- **Task statement**: When you transcribe the entries below, begin at their first line and stop after the line containing "Samsung A16 Black 5G 8/256GB SEIN Lengkap"; pictures stay out.

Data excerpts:
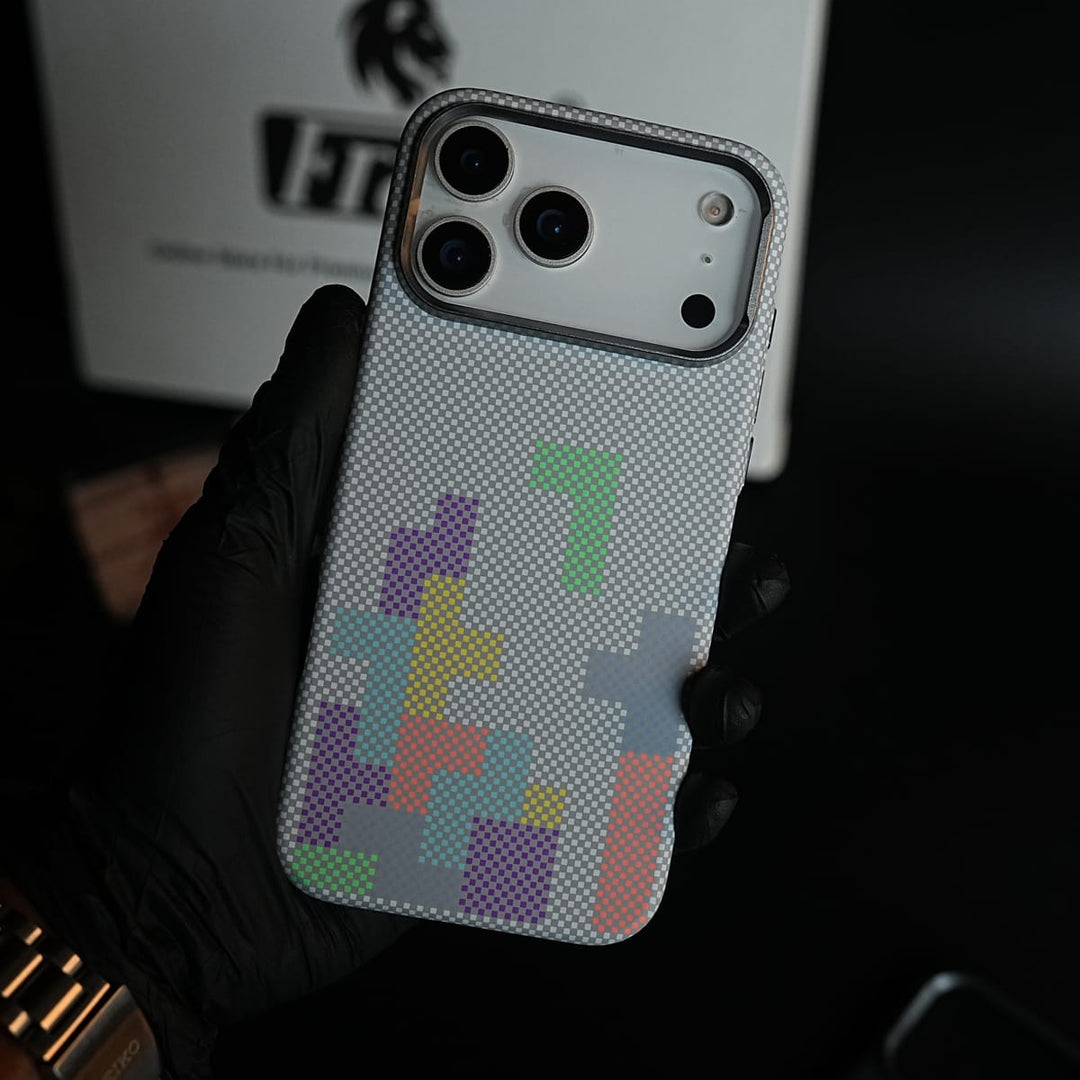 FRATO iPhone 17 Series Aramid Design Hard Pc Case for iPhone 17 Series | Magnetic Ring Cover | Brick Design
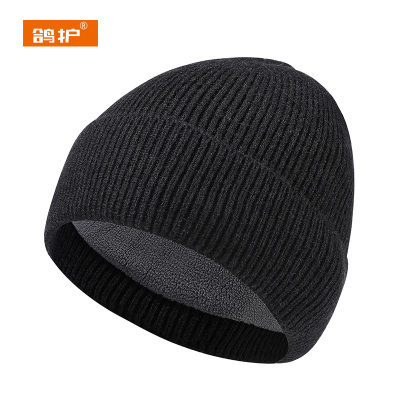 鸽护 毛线帽 GH166QDK-黑色 顶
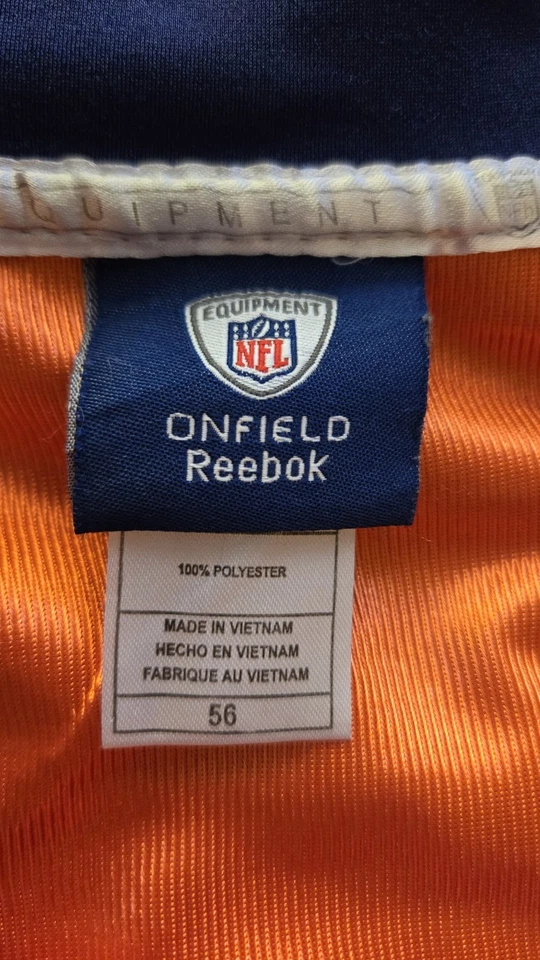 Camiseta de fútbol americano Reebok para hombre Denver Broncos Elvis Dumervil NFL talla XXL talla 56 Foto 2 de 4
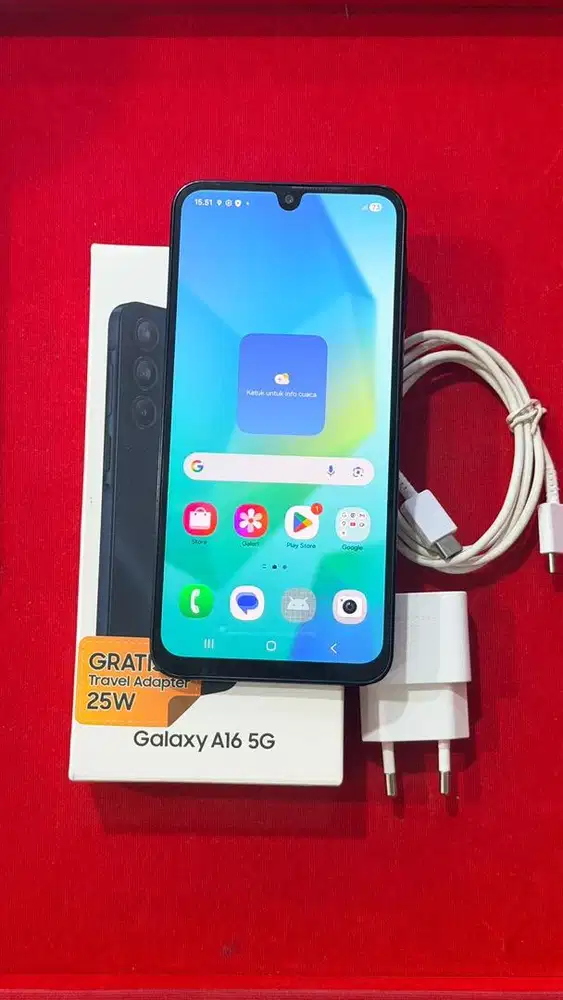 Samsung A16 Black 5G 8/256GB SEIN Lengkap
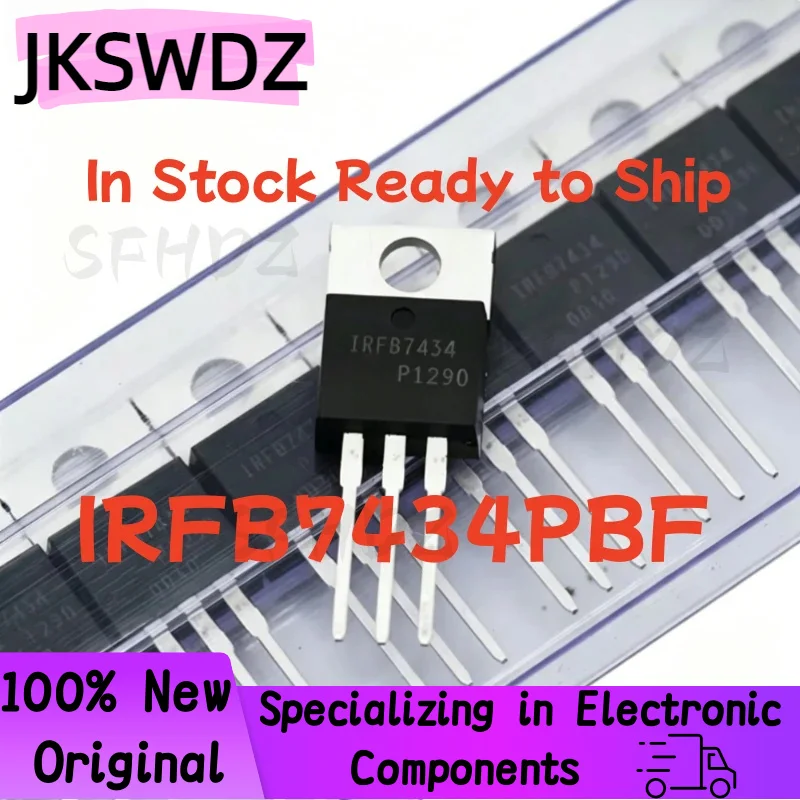 10/20/30PCS IRFB7434PBF IRFB7434 TO-220 317A 40V 100% Brand New N-Channel MOSFETs In Stock Ready to Ship
10/20/30PCS IRFB7434PBF IRFB7434 TO-220 317A 40V 100% Brand New N-Channel MOSFETs In Stock Ready to Ship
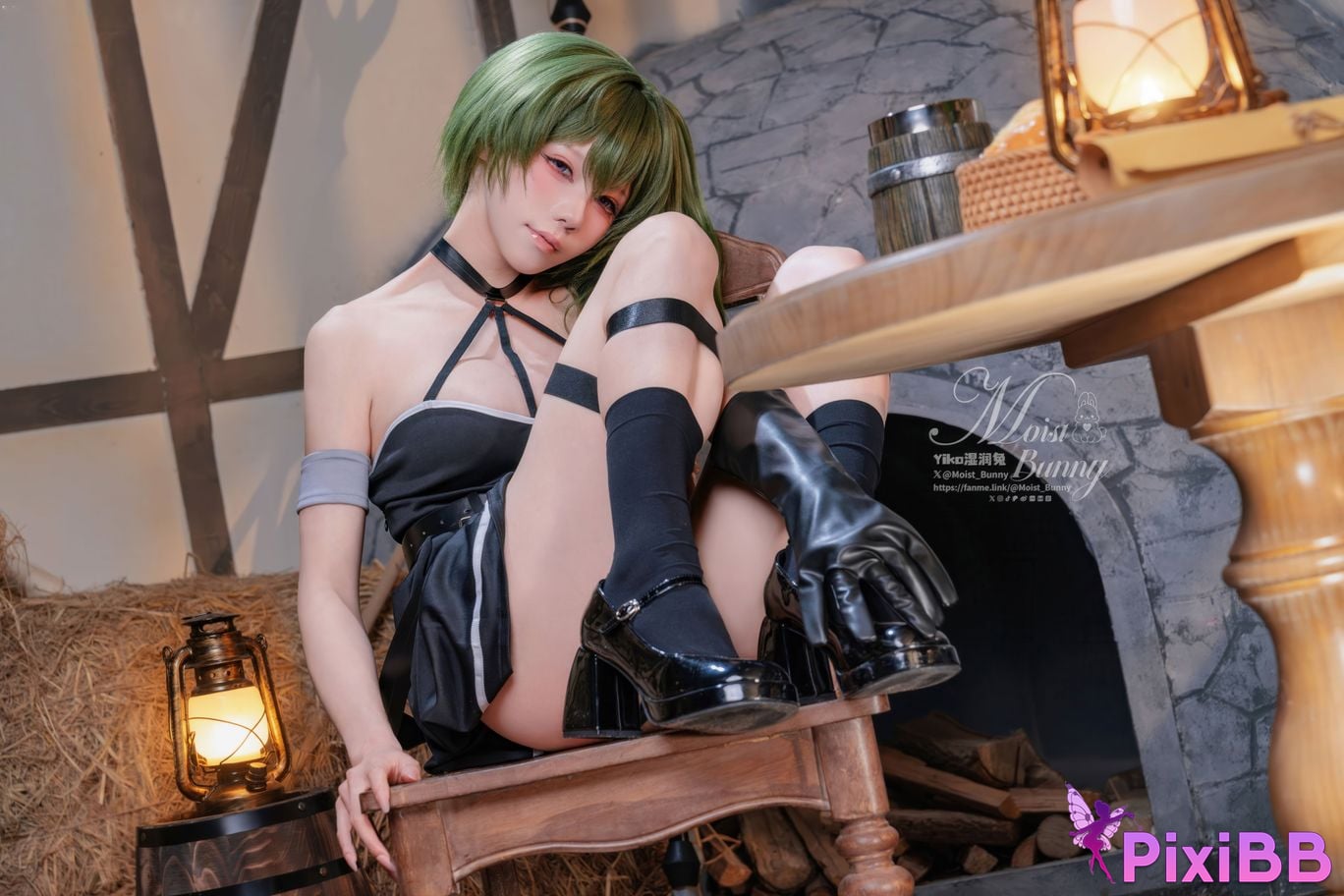 Cosplayer Sticky Dumpling Rabbit 2026 Year 01 monthly works The funeral of Florian Yubel PixiBB.COM 092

- **Your solution**:
 FRATO iPhone 17 Series Aramid Design Hard Pc Case for iPhone 17 Series | Magnetic Ring Cover | Brick Design
 鸽护 毛线帽 GH166QDK-黑色 顶
 Camiseta de fútbol americano Reebok para hombre Denver Broncos Elvis Dumervil NFL talla XXL talla 56 Foto 2 de 4
 Samsung A16 Black 5G 8/256GB SEIN Lengkap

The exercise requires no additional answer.